Liu Zhu, 19, from Sichuan province, who has been nicknamed "pseudo-girl" by his fans, has risen to stardom overnight with his cross-dressing performance in the competition.
Though Liu's appearance has boosted the program's ratings and popularity, it has been reported that the program might have to vote him out during the show on Saturday night.
According to Chinese media reports, an anonymous source claiming to be associated with the program sent messages to the country's entertainment reporters earlier this week, saying Liu's vote-out would be arranged in tonight's competition, as requested by the country's State Administration of Radio, Film and Television (SARFT).
The Beijing Youth Daily report said SARFT demands the country's TV programs to promote positive and mainstream cultures, while the "pseudo-girl" and cross-dressing phenomenon, as part of a marginal culture, should be checked.
SARFT staffers could not be reached for comments on Friday, but Hunan TV dismissed the news as a rumor.
The channel issued a statement on Friday, saying, "SARFT has not given any opinion on Liu Zhu.
"There is still one competition on the weekend. Whether he can make it to the top 300 depends on his musical talent."
Hunan TV's spokesman Li Hao confirmed SARFT has not asked for Liu to be voted off the show.
Meanwhile, Liu told China Daily he is busy preparing for Saturday night's competition and, as usual, he will sing self-written and self-composed songs.
"I don't know whether news of the ban is true or not. The only thing I can do now is show my best to the audience," Liu said.
"I have faced a lot of criticism about the way I look, but all I can do is speak less and do more."
Liu said he would quit the reality show if he was asked to dress up like a man for the camera.
He said he had been dressing up in women's clothing since high school, adding that it was his "true identity".
"I used to be very confused with my identity, but now all the problems have been solved."
Happy Boys' Chengdu division spokesman Zhao Zhe said: "Liu does not have any psychological burden about his identity, but like every other competitor, he too is under great pressure to perform."
Happy Boys is not the only show in the country that has earned the public's wrath for objectionable content.
Luo Yufeng, an Internet star who shot to fame with her bold remarks, was struck with eggs at a live broadcast of Dragon TV's China Talent Show recently.
The show's director Jin Lei, however, maintained they "refuse competitors who act strange and inappropriately on the program just to attract attention".
Qinghai TV's talent show Blossoming Flowers is also under fire for staging a young female student named Diao Yang to dress up like a bunny girl.
The show has also had its contestants walk in a public square wearing bikinis.
Zhang Zhihua, a lecturer at the TV and Journalism School at the Communication University of China, said a lack of a mature subscribe-and-watch system in the country is to blame for the current "bizarre" television content.

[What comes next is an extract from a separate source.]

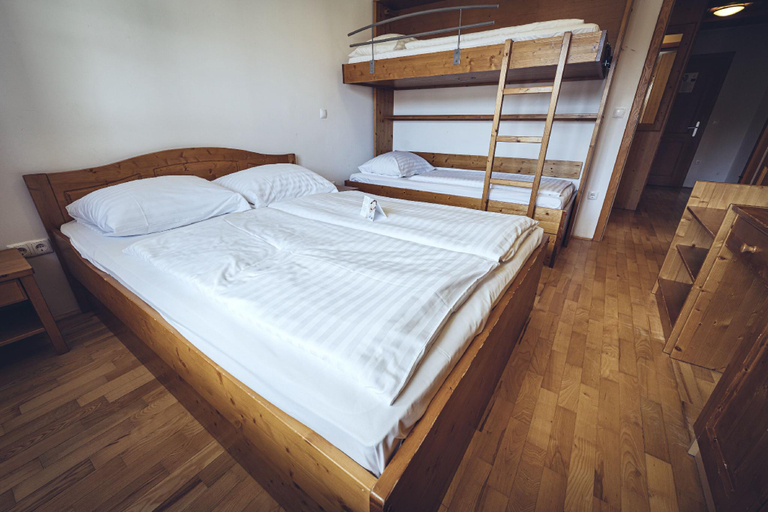 Bedroom 3, Pohorje Village Wellbeing Resort - Forest Hotel Videc, Hoce-Slivnica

"China does not have a mature paid TV environment, which forces most of the satellite channels to rely on advertising revenue, which is only influenced by audience ratings."
At the moment, Happy Boys' audience rating is 2.94 percent.
"In order to increase ratings, many shows try to challenge the audience by presenting subcultures and vulgarity, which is why SARFT needs to set up regulations from time to time."
Zhang assured that the average viewer's taste has not stooped to a new low.
Zhang added that though television programs need to make profits, they should still shoulder the responsibility of presenting positive ideas to the public.